* [Exercise directions] Among the lines below, a stretch begins at the one with "2012 Mercedes-Benz SL 550 Roadster Dashboard" and ends at the one with "牛津版英语六年级暑假班名词1". Repeat that stretch exactly, ends included.
-- Data for the task follows --
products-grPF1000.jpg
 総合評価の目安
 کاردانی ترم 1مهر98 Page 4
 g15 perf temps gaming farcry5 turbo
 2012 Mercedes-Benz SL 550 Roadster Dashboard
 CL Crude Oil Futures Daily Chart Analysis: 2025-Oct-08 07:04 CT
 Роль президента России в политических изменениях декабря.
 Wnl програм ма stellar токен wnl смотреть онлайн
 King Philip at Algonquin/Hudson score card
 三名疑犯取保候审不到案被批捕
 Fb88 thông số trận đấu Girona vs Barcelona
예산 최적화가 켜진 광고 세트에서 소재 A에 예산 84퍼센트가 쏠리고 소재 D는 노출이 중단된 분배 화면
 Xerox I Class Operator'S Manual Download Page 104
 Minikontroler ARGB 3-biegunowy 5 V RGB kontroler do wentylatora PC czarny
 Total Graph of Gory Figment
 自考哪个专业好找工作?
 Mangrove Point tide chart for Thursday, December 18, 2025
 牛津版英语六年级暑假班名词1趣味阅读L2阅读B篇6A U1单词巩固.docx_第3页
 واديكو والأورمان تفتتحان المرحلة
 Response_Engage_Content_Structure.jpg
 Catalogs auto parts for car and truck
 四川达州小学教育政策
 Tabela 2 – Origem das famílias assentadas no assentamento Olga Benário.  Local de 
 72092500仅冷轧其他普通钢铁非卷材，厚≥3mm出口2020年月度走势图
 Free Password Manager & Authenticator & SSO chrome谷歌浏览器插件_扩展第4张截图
-- Data for the task concluded --
* [Exercise result]
 2012 Mercedes-Benz SL 550 Roadster Dashboard
 CL Crude Oil Futures Daily Chart Analysis: 2025-Oct-08 07:04 CT
 Роль президента России в политических изменениях декабря.
 Wnl програм ма stellar токен wnl смотреть онлайн
 King Philip at Algonquin/Hudson score card
 三名疑犯取保候审不到案被批捕
 Fb88 thông số trận đấu Girona vs Barcelona
예산 최적화가 켜진 광고 세트에서 소재 A에 예산 84퍼센트가 쏠리고 소재 D는 노출이 중단된 분배 화면
 Xerox I Class Operator'S Manual Download Page 104
 Minikontroler ARGB 3-biegunowy 5 V RGB kontroler do wentylatora PC czarny
 Total Graph of Gory Figment
 自考哪个专业好找工作?
 Mangrove Point tide chart for Thursday, December 18, 2025
 牛津版英语六年级暑假班名词1趣味阅读L2阅读B篇6A U1单词巩固.docx_第3页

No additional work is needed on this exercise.